Friday, January 1, 2021

Sparse Matrices

Sparse Matrices

Data Structures - Sparse Matrices

Table of Contents

  1. Introduction
  2. Construction Matrices
    1. Coordinate Matrix
    2. Linked List Matrix
    3. Dictionary of Keys Matrix
  3. Compressed Sparse Matrices
    1. Compressed Sparse Row/Column
    2. Block Sparse Row
  4. Diagonal Matrix
  5. Specialized Functions
  6. Other Libraries
    1. Pandas
    2. Scikit-Learn
    3. PyData Sparse
  7. Final Thoughts

Introduction

A sparse matrix is a matrix that has a value of 0 for most elements. If the ratio of Number of Non-Zero (NNZ) elements to the size is less than 0.5, the matrix is sparse. While this is the mathematical definition, I will be using the term sparse for matrices with only NNZ elements and dense for matrices with all elements.

Sparse vs Dense

Storing information about all the 0 elements is inefficient, so we will assume unspecified elements to be 0. Using this scheme, sparse matrices can perform faster operations and use less memory than its corresponding dense matrix representation, which is especially important when working with large data sets in data science.

Today we will investigate all of the different implementations provided by the SciPy sparse package. This implementation is modeled after np.matrix opposed to np.ndarray, thus is restricted to 2-D arrays and having quirks like A * B doing matrix multiplication instead of element-wise multiplication.

In [0]: from scipy import sparse

In [1]: import numpy as np

In [2]: spmatrix = sparse.random(10, 10)

In [3]: spmatrix
Out[3]:
<10x10 sparse matrix of type '<class 'numpy.float64'>'
        with 1 stored elements in COOrdinate format>

In [4]: spmatrix.nnz / np.product(spmatrix.shape)  # sparsity
Out[4]: 0.01

Construction Matrices

Different sparse formats have their strengths and weaknesses. A good starting point is looking at formats that are efficient for constructing these matrices. Typically you would start with one of these forms and then convert to another when ready to do calculations.

Coordinate Matrix

Perhaps the simplest sparse format to understand is the COOrdinate (COO) format. This variant uses three subarrays to store the element values and their coordinate positions.

COO Matrix

In [5]: row = [1, 3, 0, 2, 4]

In [6]: col = [1, 4, 2, 3, 3]

In [7]: data = [2, 5, 9, 1, 6]

In [8]: coo = sparse.coo_matrix((data, (row, col)), shape=(6, 7))

In [9]: print(coo)  # coordinate-value format
# (1, 1)        2
# (3, 4)        5
# (0, 2)        9
# (2, 3)        1
# (4, 3)        6

In [10]: coo.todense()  # coo.toarray() for ndarray instead
Out[10]:
matrix([[0, 0, 9, 0, 0, 0, 0],
        [0, 2, 0, 0, 0, 0, 0],
        [0, 0, 0, 1, 0, 0, 0],
        [0, 0, 0, 0, 5, 0, 0],
        [0, 0, 0, 6, 0, 0, 0],
        [0, 0, 0, 0, 0, 0, 0]])

The savings on memory consumption is quite substantial as the matrix size increases. Managing data in a sparse structure is a fixed cost unlike the case for dense matrices.
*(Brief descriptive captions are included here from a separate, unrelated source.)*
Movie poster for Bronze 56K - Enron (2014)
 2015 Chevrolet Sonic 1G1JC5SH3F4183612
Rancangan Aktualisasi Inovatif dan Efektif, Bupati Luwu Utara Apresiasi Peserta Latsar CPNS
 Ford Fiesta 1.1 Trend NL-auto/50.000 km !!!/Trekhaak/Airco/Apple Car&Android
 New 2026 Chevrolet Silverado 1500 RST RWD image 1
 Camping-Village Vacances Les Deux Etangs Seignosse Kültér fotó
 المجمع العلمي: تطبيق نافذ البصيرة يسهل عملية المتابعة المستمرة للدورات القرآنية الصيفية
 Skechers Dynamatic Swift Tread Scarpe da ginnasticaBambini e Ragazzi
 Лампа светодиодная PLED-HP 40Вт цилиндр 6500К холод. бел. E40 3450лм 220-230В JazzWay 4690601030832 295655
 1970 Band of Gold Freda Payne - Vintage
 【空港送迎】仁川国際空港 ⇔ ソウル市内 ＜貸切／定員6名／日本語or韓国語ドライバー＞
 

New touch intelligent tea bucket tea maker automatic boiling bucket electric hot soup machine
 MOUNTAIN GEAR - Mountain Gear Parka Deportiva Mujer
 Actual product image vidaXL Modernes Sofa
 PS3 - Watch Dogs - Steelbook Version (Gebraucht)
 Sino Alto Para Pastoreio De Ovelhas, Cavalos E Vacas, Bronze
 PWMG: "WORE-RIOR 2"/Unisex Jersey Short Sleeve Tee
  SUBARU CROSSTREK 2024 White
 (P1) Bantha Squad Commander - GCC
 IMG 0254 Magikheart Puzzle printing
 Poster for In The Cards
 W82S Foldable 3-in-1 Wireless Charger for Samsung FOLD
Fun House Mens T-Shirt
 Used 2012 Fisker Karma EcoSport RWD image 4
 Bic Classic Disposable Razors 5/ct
The overhead incurred from needing to manage the subarrays is becomes negligible as data grows making it a great choice for some datasets.

A word of caution: only use sparse arrays if they are sufficiently sparse enough; it would be counterproductive storing a mostly nonzero array using several subarrays to keep track of position and data.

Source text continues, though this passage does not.